How do you measure the value that a music venue contributes to a city? To answer that question it’s essential to consider the triple bottom line: that is, economic, environmental and social value. The Art School’s economic contribution is relatively easy to assess. It’s environmental impact can be measured through its carbon emissions, efforts to reduce them and positive influence on its audience in this regard. SMIA is paying particular attention to environmental responsibility this year — including what music businesses, like venues, can do. Social value is largely intangible and the hardest to measure, and harder still to equate to financial value. Which is a shame because when it comes to The Art School, the venue’s social and cultural capital was worth its weight in gold.

The Art School was one of the first music venues I visited in my first proper week living in Glasgow — Fresher’s Week at University of Glasgow (way) back in 1996. It was a great introduction to the Glasgow music scene. Tuesday;  Ministry of Sound in QMU, Wednesday; pub crawl which took in Nice N Sleazy, lots of record shopping in the day (remember Fopp and The Beat Museum, anyone?), found some flyers which lead me and my new friends to Red Cell at the Sub Club (a blast from the past for you now 40 and 50-something techno heads) and a Ninja Tune special at The Art School on Friday — my idea of heaven. 

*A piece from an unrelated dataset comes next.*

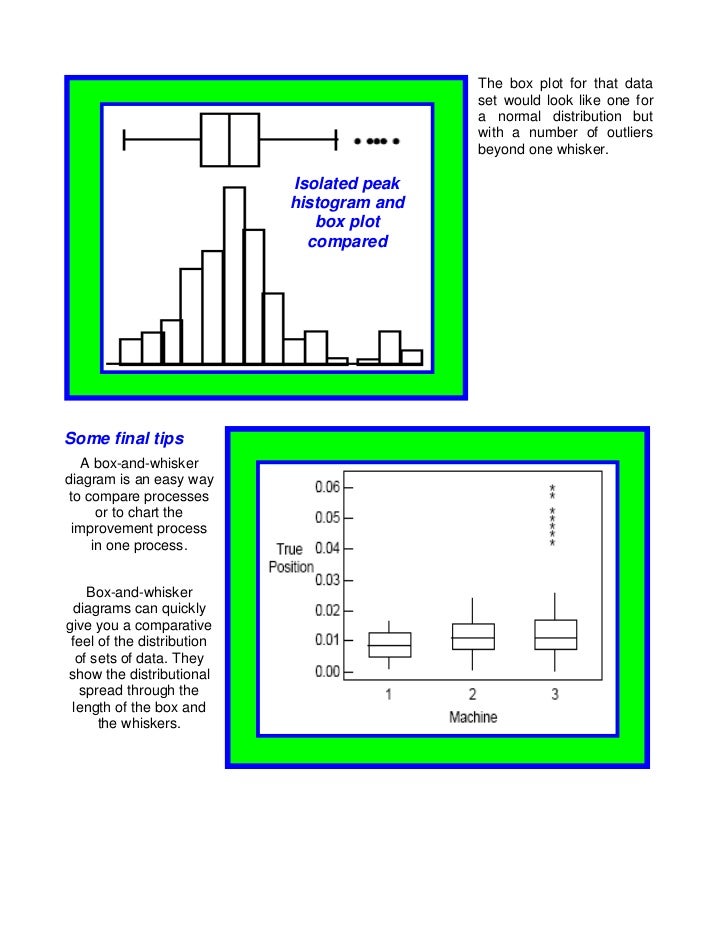 Box plots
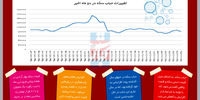 بازیگردان طلا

The venue became a firm favourite very quickly. Since then I have DJed in it several times, co-promoted nights there, recorded bands, run live broadcasts from club nights through Radio Magnetic, interviewed countless DJs, producers and live acts and, most importantly, enjoyed hundreds of club nights and gigs immersing myself in everyone from Scottish Ensemble to Autechre, Jamie Liddel to Andrew Weatherall, Fara at the Celtic Connections festival club to Basic Channel. All of this, and so much more, from a student union venue.

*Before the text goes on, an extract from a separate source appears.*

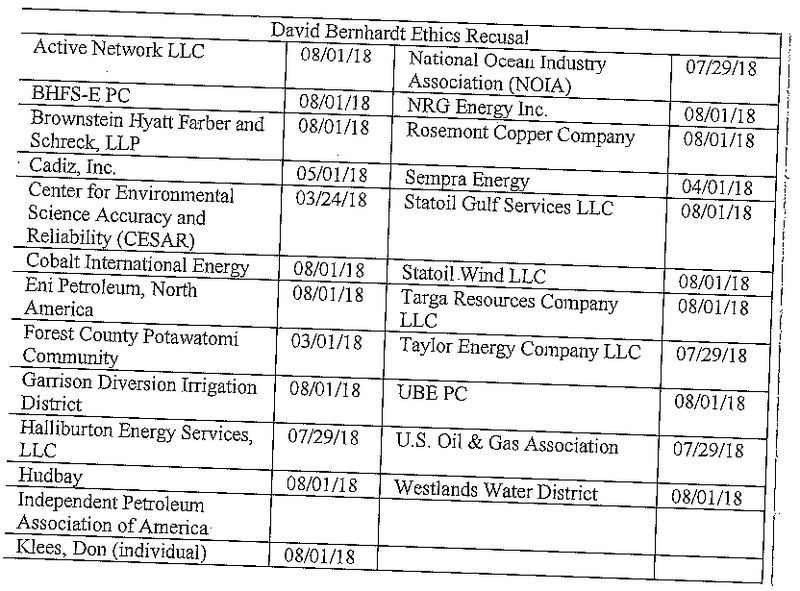 Bernhardt’s conflict card, reminding him how many old clients he has to avoid.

And that’s one of the remarkable things about the venue we knew simply as The Art School. It was a student union. The university I went to, Glasgow, has two unions; as other big universities do. Both had good events programmes as did other unions I have visited to party and perform in over the years. But I’ve never experienced anything quite like The Art School. The building, the music venue, the clubs and gigs that happened there, the staff, the punters; everything about the culture of the building exuded an effortless kind of cool that transcended anything intentional and contributed more to Glasgow’s world-renowned music scene that we can ever hope to measure. When I was immersed in the underground electronic music scene in Glasgow (throughout university and my time involved in running SubCity Radio to co-founding and developing Radio Magnetic, co-promoting Kinky Afro for ten years at the Sub Club and lots of music scene development work, which lead on to what I do with SMIA now), The Art School was a keystone venue. Right up there in terms of importance with the Sub Club and The Arches, outliving the Soundhaus, Alaska and other great venues, pre-dating La Cheetah and SWG3 and countless others.

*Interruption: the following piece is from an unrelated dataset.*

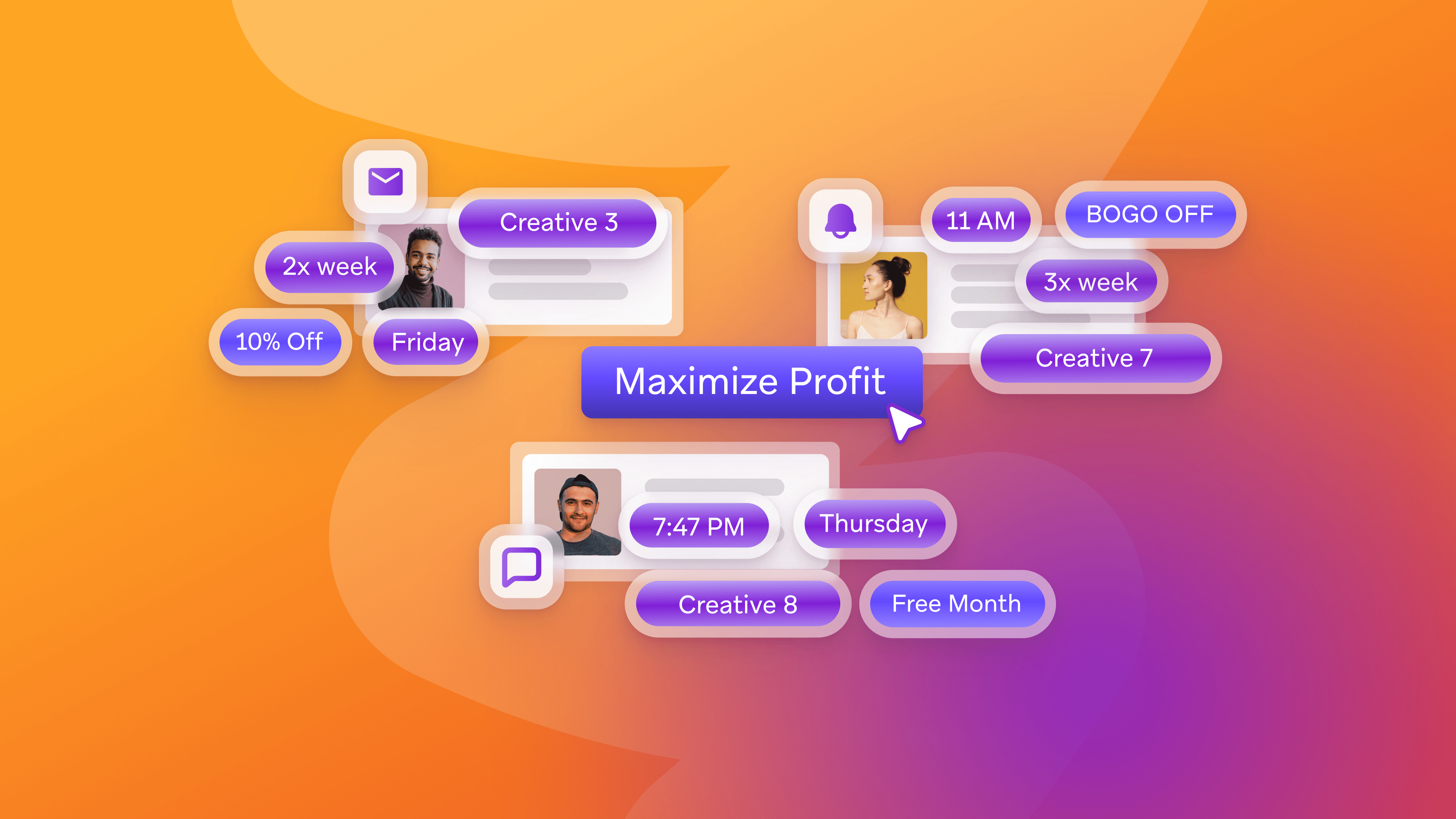 a graphic with a button that says maximize profit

The Art School was the trading name for GSASA Ltd. which was the commercial arm of Glasgow School of Art Students Association SCIO. Ultimately it was financial challenges that forced the venue into liquidation and closure. We can learn a lot from examining what went on and considering what we can all do to help other grassroots music venues avoid the same fate. And we will address these issues as part of ongoing developmental work we are doing with music venues. But for now I just wanted to pay my respects to a venue I loved that contributed a huge amount to my favourite city’s world-famous music scene. On behalf of everyone involved in the SMIA I want to thank and recognise the contribution of everyone who worked very hard to make that venue what it was. Many of them were friends of mine. All of them were wonderful. Let’s all celebrate what The Art School achieved. We will miss it a lot.

Dougal Perman is the Executive Chair at the Scottish Music Industry Association (SMIA).